The Chequamegon Humane Association in Ashland finally has a new building.
After fundraising for more than a year, they were able to move dozens of cats and dogs into their new building on Monday.
The Chequamegon Humane Association has been hard at work to get a new stable location to house cats and dogs without homes.
"We're hoping to make a bigger impact in our area," says Kari Olinger, Executive Director for the Chequamegon Humane Association.
The previous shelter the association worked out of has long passed its lifespan.
President of Chequamegon Humane Association, Ted Kramolis says, "it's way to small, there's no plumbing in there, there's no bathrooms in there for the staff, there's no place to sit down to even have a meal. It was time to move on."
Olinger agrees that a new building was in order saying, "with the cold coming, our old shelter you know, at times we were afraid of the roof caving in, that's how bad it would get."

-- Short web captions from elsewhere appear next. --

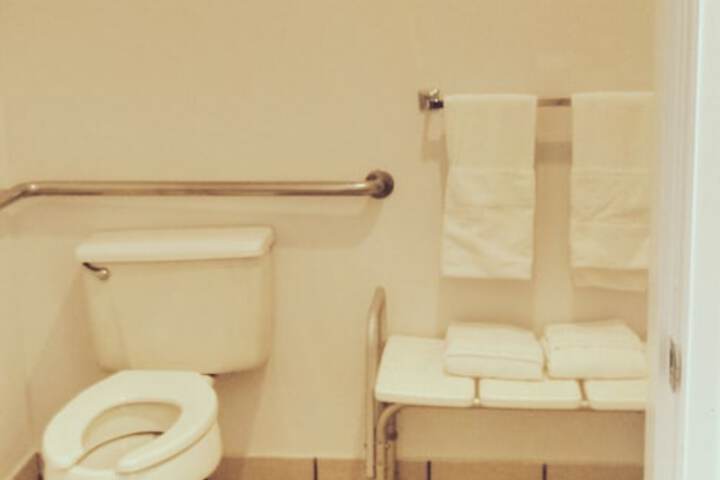 GuestHouse Enumclaw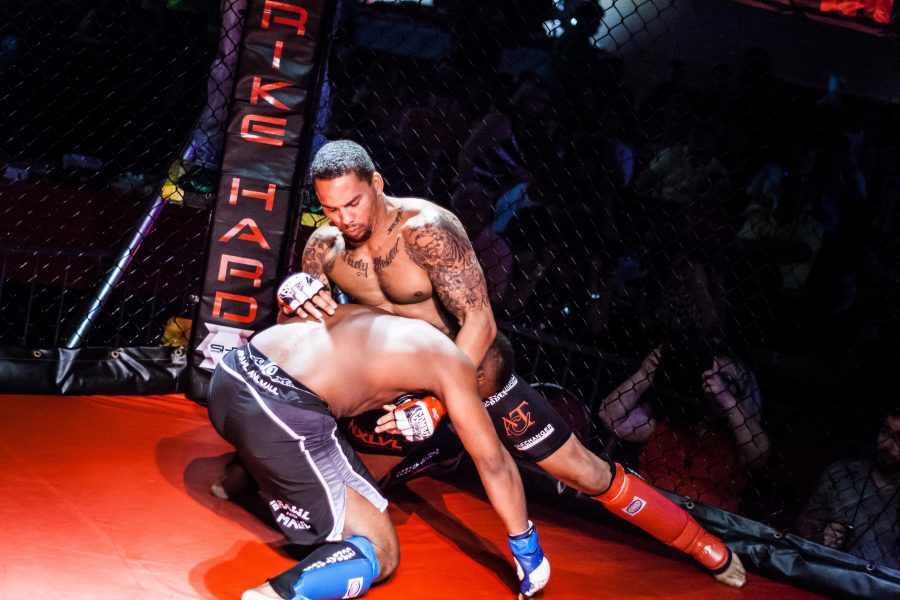 Former+Alabama+football+player+Eryk+Anders+wins+pro+MMA+debut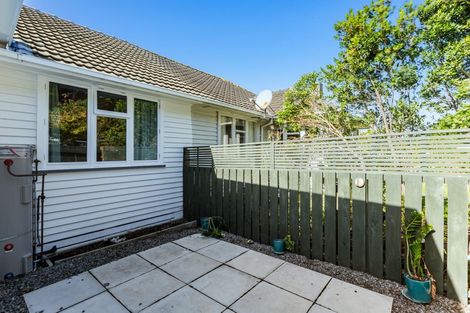 Photo of property in 90 Main Road, Titahi Bay, Porirua, 5022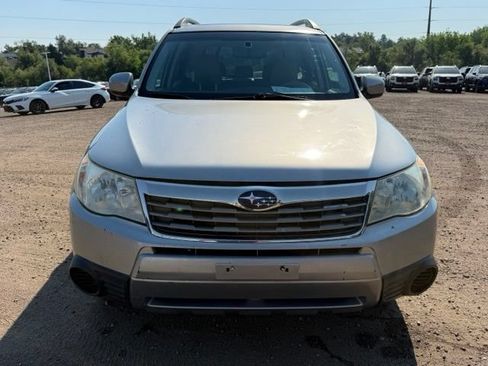Used 2010 Subaru Forester 2.5X Premium AWD/4WD image 8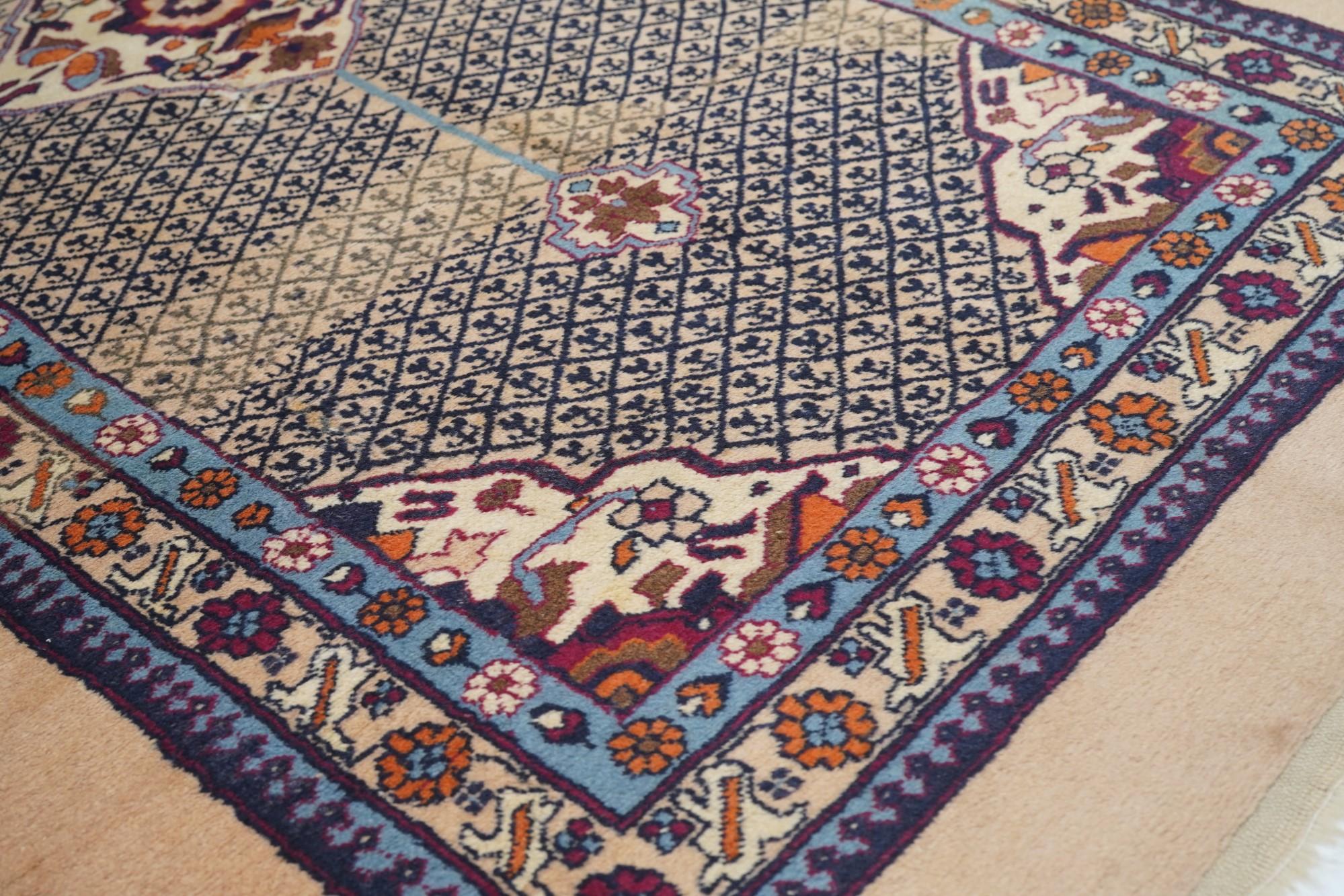 Antique Sarab Rug In Excellent Condition For Sale In New York, NY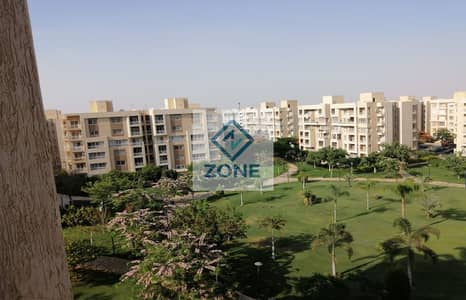Apartment for rent in Madinaty, B11, fifth floor, 200 sq m, wide garden view, 4 rooms, 3 bathrooms, natural gas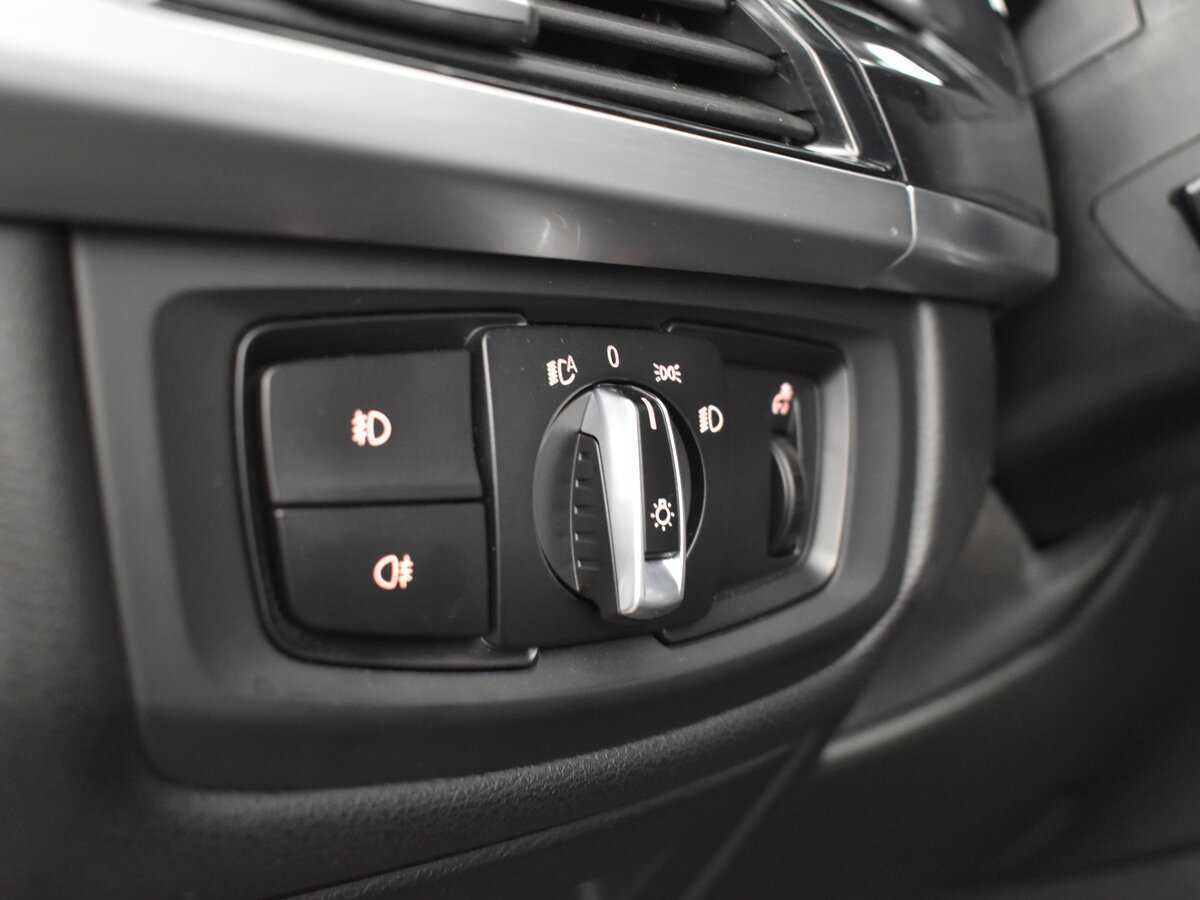 Б/У БМВ Икс6 2016 года. Фото: #8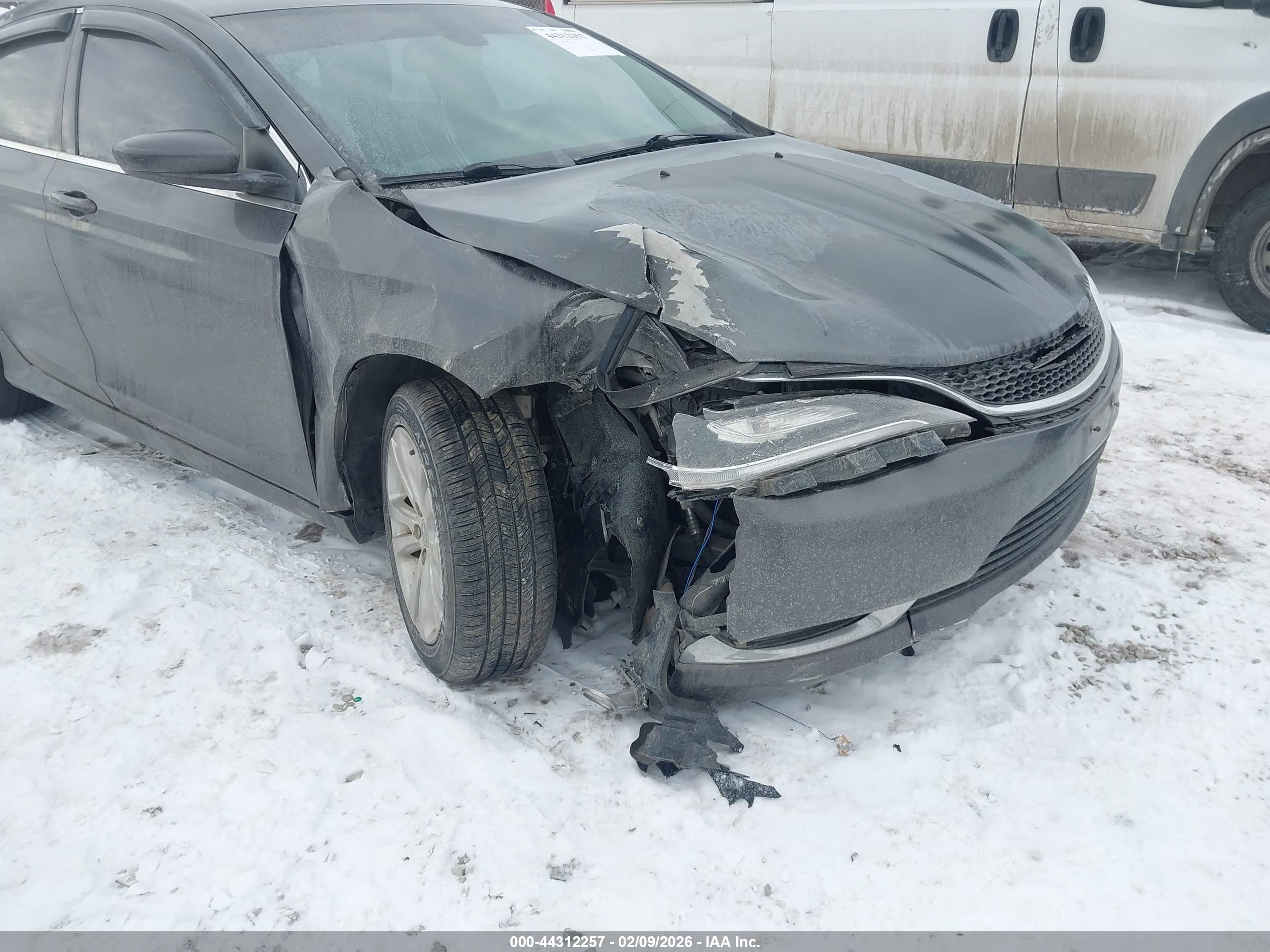 CHRYSLER 200 image 6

The association put a call out to the community of Ashland for help raising funds, and the community responded.
Olinger says, "Just a bunch of small things but mainly just the outpouring of support with the community in the area."
One of the biggest fundraisers allowed for families and businesses to leave their mark on the shelter.
"An example of one of the fundraisers we did is we sold floor tiles that could be personalized," says Olinger.
The associations new building that cost close to $600,000, now sits at the end of Rail Drive.
Kramolis says, "ten acres that we bought here from the city of Ashland in the Industrial park. It's probably half field half forested land. Very nice land that we can walk dogs on."
The shelter still needs finishing touches, but the association is pleased with what they are able to provide to the animals and the community.
Olinger says, "here we are sitting a little over a year later and we're in our new building. It's just amazing."
The Chequamegon Humane Association hopes to open to the public on Friday.
The association is still accepting donation.